This stretch of Penang on the north western part of the island is somewhat more popular with the eastern tourists and residents of MM2H (Malaysia My Second Home) and its on the quieter side of the island far away from the congestion and noise of the city.
Its also populated by 5 and 6 star hotel like Golden Sands, Shangri La Hotel, Hard Rock Cafe Hotel and Lone Pine Beach Resort and they all have a grand view of the sea from their vintage position on the beach.
I had the opportunity to visit Penang again after more than 20 years and I must say I am still drawn to Batu Ferringhi after all these years.
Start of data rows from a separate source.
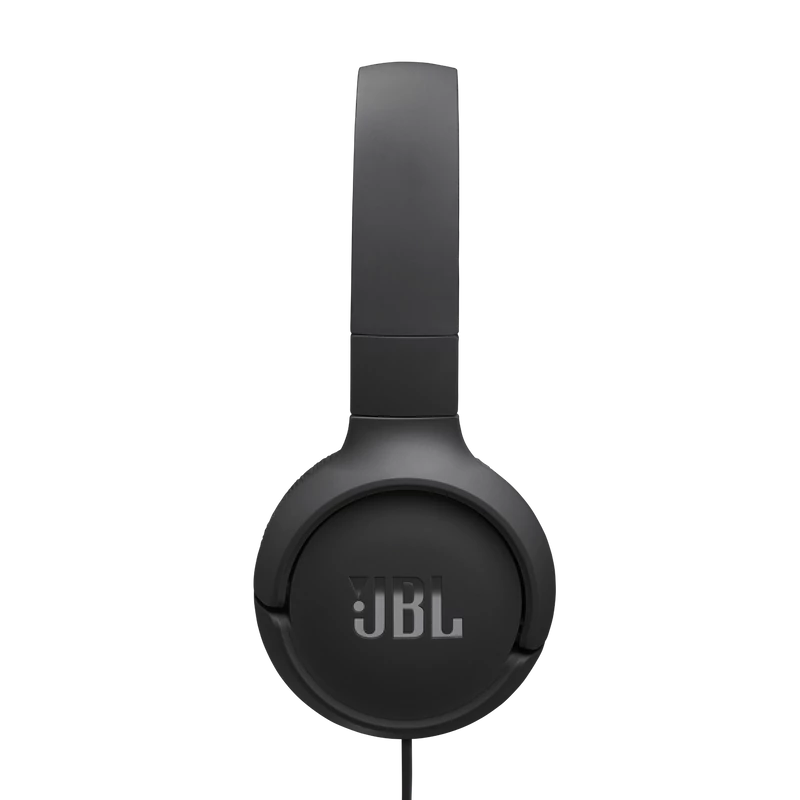 JBL TUNE 520C USB-C fejhallgató, fekete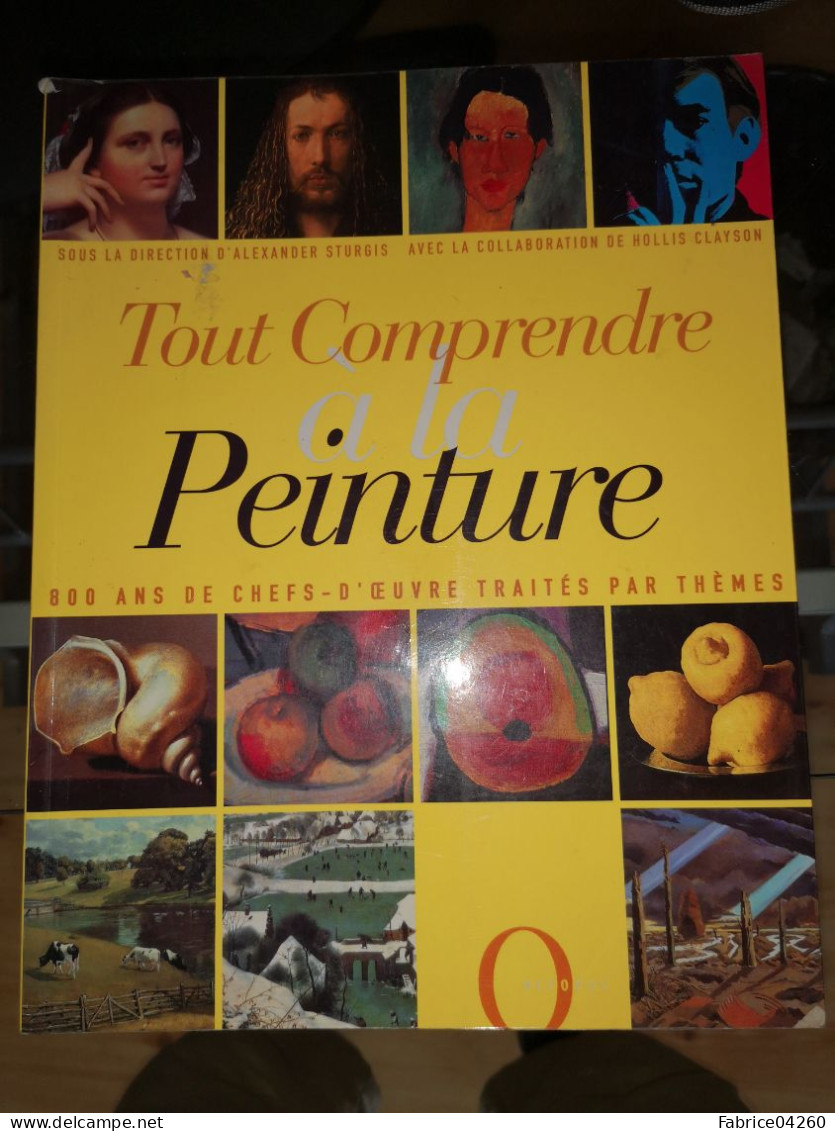 Tout Comprendre à La Peinture - Art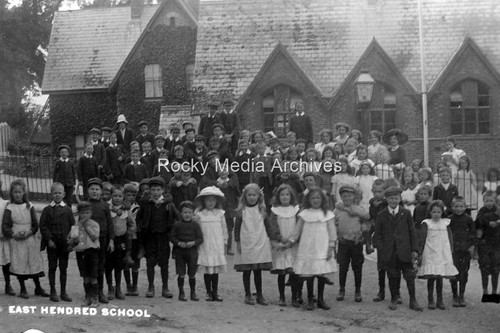 Xfg pupils east hendred - pupils,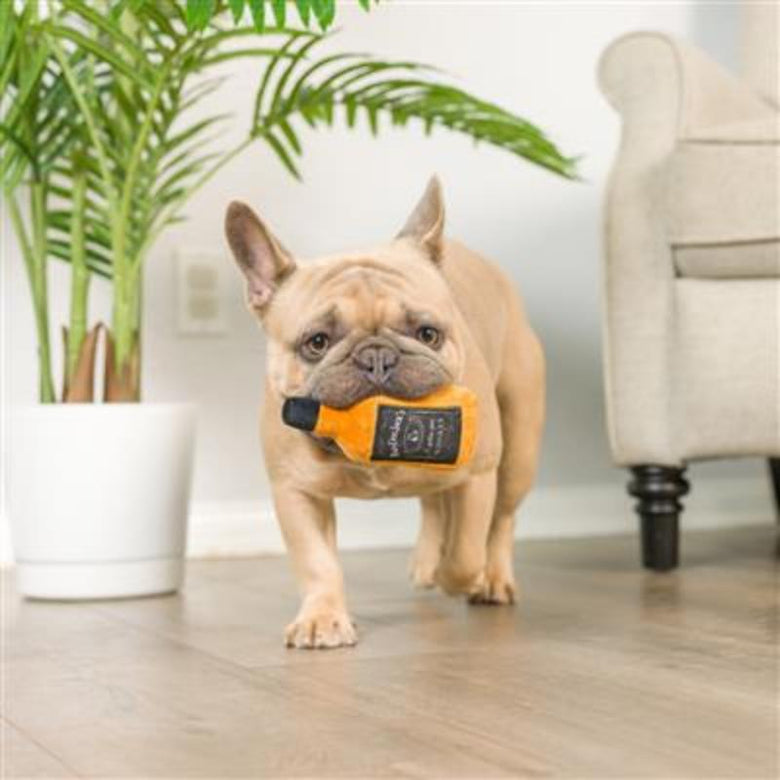 Huxley & Kent dog toys Tiny Tuff Boys Night Out Dog Toy - 2PK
Changes are apparent with high rise condos rising above every conceivable nook and corner and I must say traffic is a little
haphardzard at times but all in all , this part of Penang has not lost its old charm.
Amongst these luxury hotels, you can still find backpackers abode, night markets that sell anything from handbags to CDs and just round the corner you can find quaint restaurants and food courts. I would describe the night scene as a mini Phuket with its vibrant street life and pulsating energy.
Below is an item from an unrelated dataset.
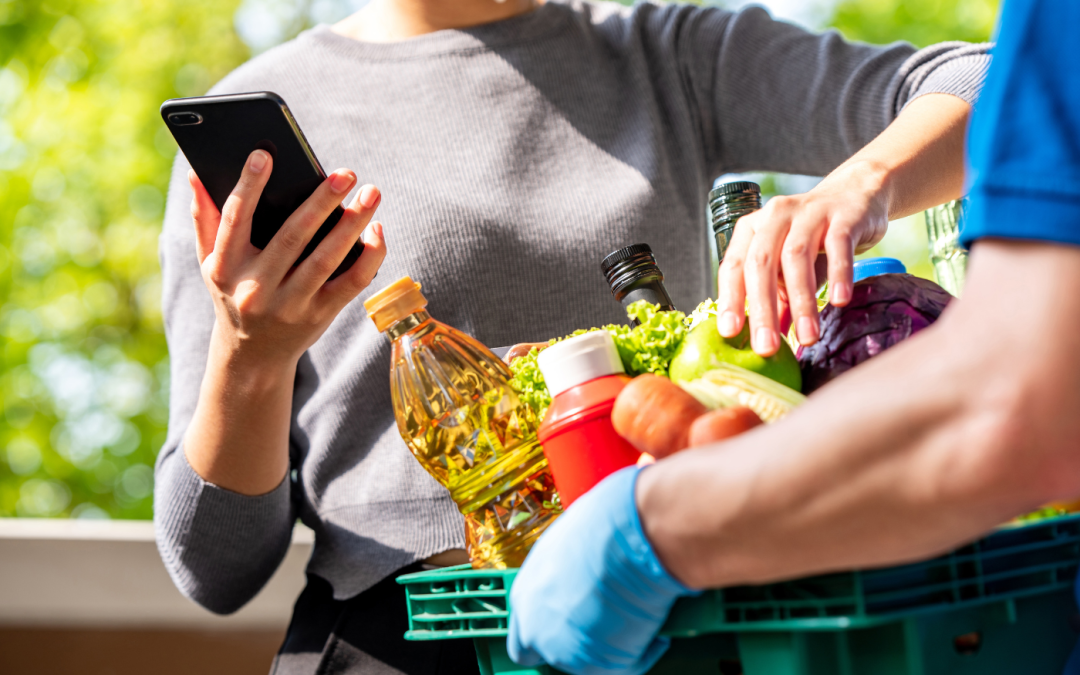 How Online Shopping is Reshaping FMCG in Retail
Around the corner near the night market just outside the road where Hard Rock Cafe is located , there is a Macdonald joint and right
opposite it is Kentucky Fried Chicken so all in all a ‘rojak’ mix of eateries to cater for fast food junkies.
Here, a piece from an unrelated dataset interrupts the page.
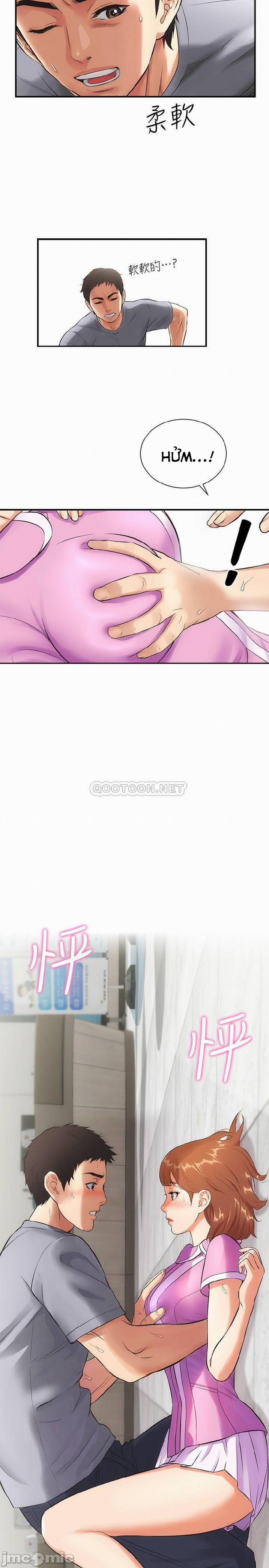 Phẩm Giá Em Dâu 4 trang 19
My favourite joint would be the open stalls where you can find good local foods and western fare at very affordable prices. And for the westerners, no meal is complete without a pint or beer or two and this is easily available as well. One can get a plate of fried noodles for just over USD1 and you can really eat well in Penang without breaking your bank account. Of course if you relish more fanciful fare in a hotel, there are plenty of choices from Japanese food, to steaks and down to the famous local food like satay, char kuey teow, popiah and assam laksa to name a few.
You can spend time walking along the beaches in the evening or take a swim in the sea (watch out for the jelly fishes), go parasailing, or visit the various attractions around the island.
If you are thinking of bicycling in Batu Ferringhi, this would not be advisable as you really would run the risk of being run over by cars or heavy vehicles as the road going into town is windy and narrow..you have to be nuts to even contemplate doing that..Reason why I mentioned this is that when I was “gainfully employed“ I was working with an American pilot who insisted on flying over his favourite bicycle from New York as he wanted to bicycle around Kuala Lumpur. Despite my warning him that the city is not a place for bicycles as far as Malaysia is concerned, he was adamant he wanted to do it..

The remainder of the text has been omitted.